Foreign Affairs Minister Marise Payne released a statement on Sunday night condemning the use of lethal force and violence against civilian protesters.
"Australia has raised our grave concerns about the military coup in Myanmar and the escalating violence and rising death toll following the events of 1 February," she said. "We condemn the use of lethal force or violence against civilians exercising their universal rights, including the right to freedom of expression and peaceful assembly."
Ms Payne called on Myanmar's security forces "to exercise restraint and refrain from violence against civilians."
She added: "Australia has had a limited bilateral Defence Cooperation Program with Myanmar's military, restricted to non-combat areas such as English language training. This program will be suspended."
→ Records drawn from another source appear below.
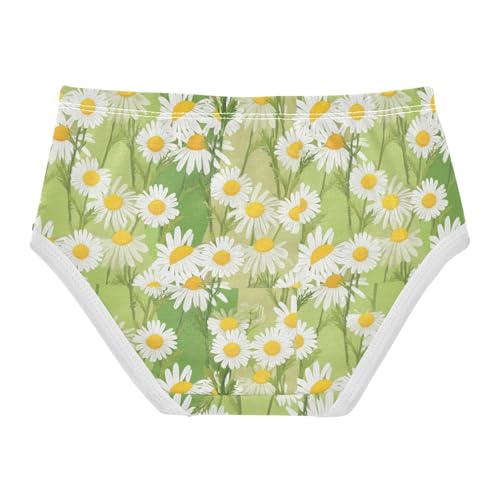 Joisal Cotton Girls Underwear Toddler White Daisies Light Green Beige Little Girl Panties Designer Underpants Briefs 2t2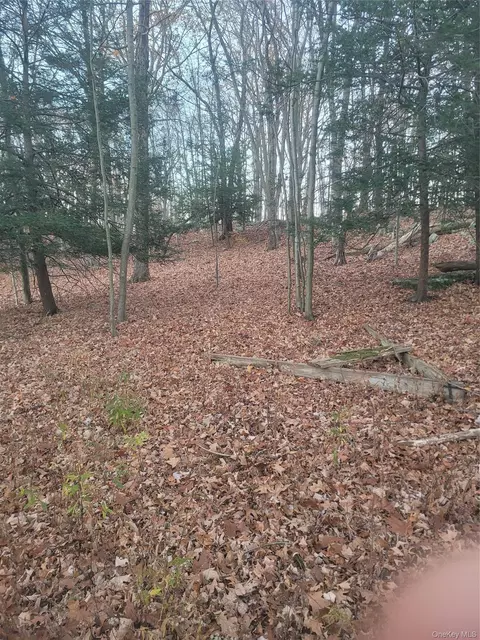 35 Shenandoah Ct, Carmel, NY 10512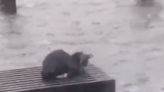 Meteorologist under fire for tweeting heartbreaking video of cat stranded in Hurricane Ian: ‘Go save it’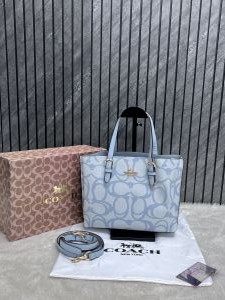 Coach_Mollie_25_Tote_Premium_Highend_With_OriginalBox_Packing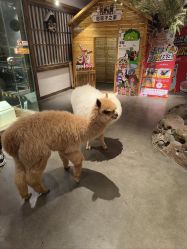 -造物庄园 萌宠纪(苏州湾歌林公园店)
Her statement comes as horrific photos emerged from the country this week amid a brutal crackdown by the regime using bullets and tear gas. Wednesday marked the "bloodiest day" so far, with at least 38 protesters killed and scores more injured after authorities opened fire on crowds.
The UN's envoy to Myanmar Christine Schraner Burgener said that more than 50 had died since the military coup last month.
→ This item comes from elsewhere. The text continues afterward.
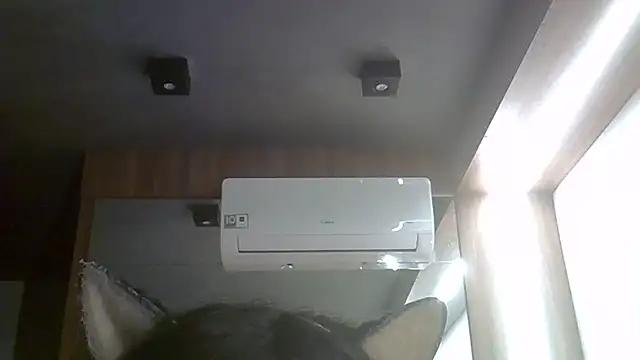 SkinnyKitten webcam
The chaos began on February 1 when the army deposed the democratically elected government and detained leader Aung San Suu Kyi.
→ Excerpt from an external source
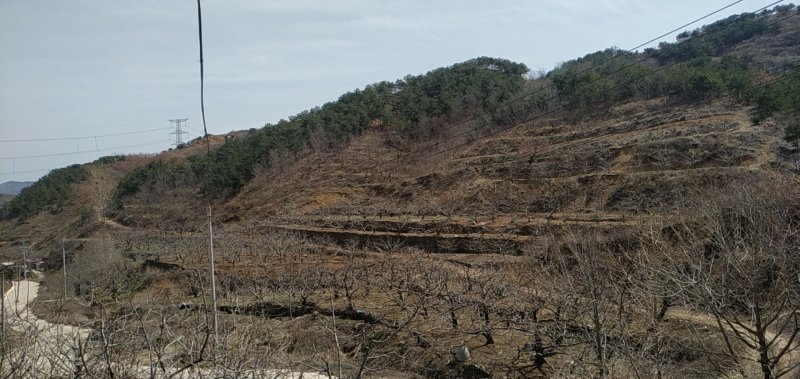 烟台大樱桃自有果园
Ms Payne also reiterated calls for the release of Australian academic Sean Turnell, who has been detained in Myanmar with limited consular access for more than 30 days.
"We call for the immediate release of Professor Sean Turnell, State Counsellor Aung San Suu Kyi, President Win Myint and others who have been arbitrarily detained since 1 February," she said in the statement.
"As a longstanding supporter of Myanmar's democratic transition, Australia has been reviewing its Myanmar policy settings. We have also undertaken extensive consultations with our international partners particularly our ASEAN neighbours, Japan and India. The political stability of ASEAN member states is essential to achieving our vision for a secure, peaceful, prosperous and open Indo-Pacific region with ASEAN at its centre."
Ms Payne said that Australia's development program was to be re-directed to "the immediate humanitarian needs of the most vulnerable and poor including the Rohingyas and other ethnic minorities" and that it would "seek to ensure" this engagement was with non-government organisations.
The foreign minister said that Australia would "continue to review" its sanctions regime - already includes an arms embargo on supplying weapons to Myanmar and specific sanctions on a number of individuals.
"We call on the Myanmar regime to engage in dialogue," she added.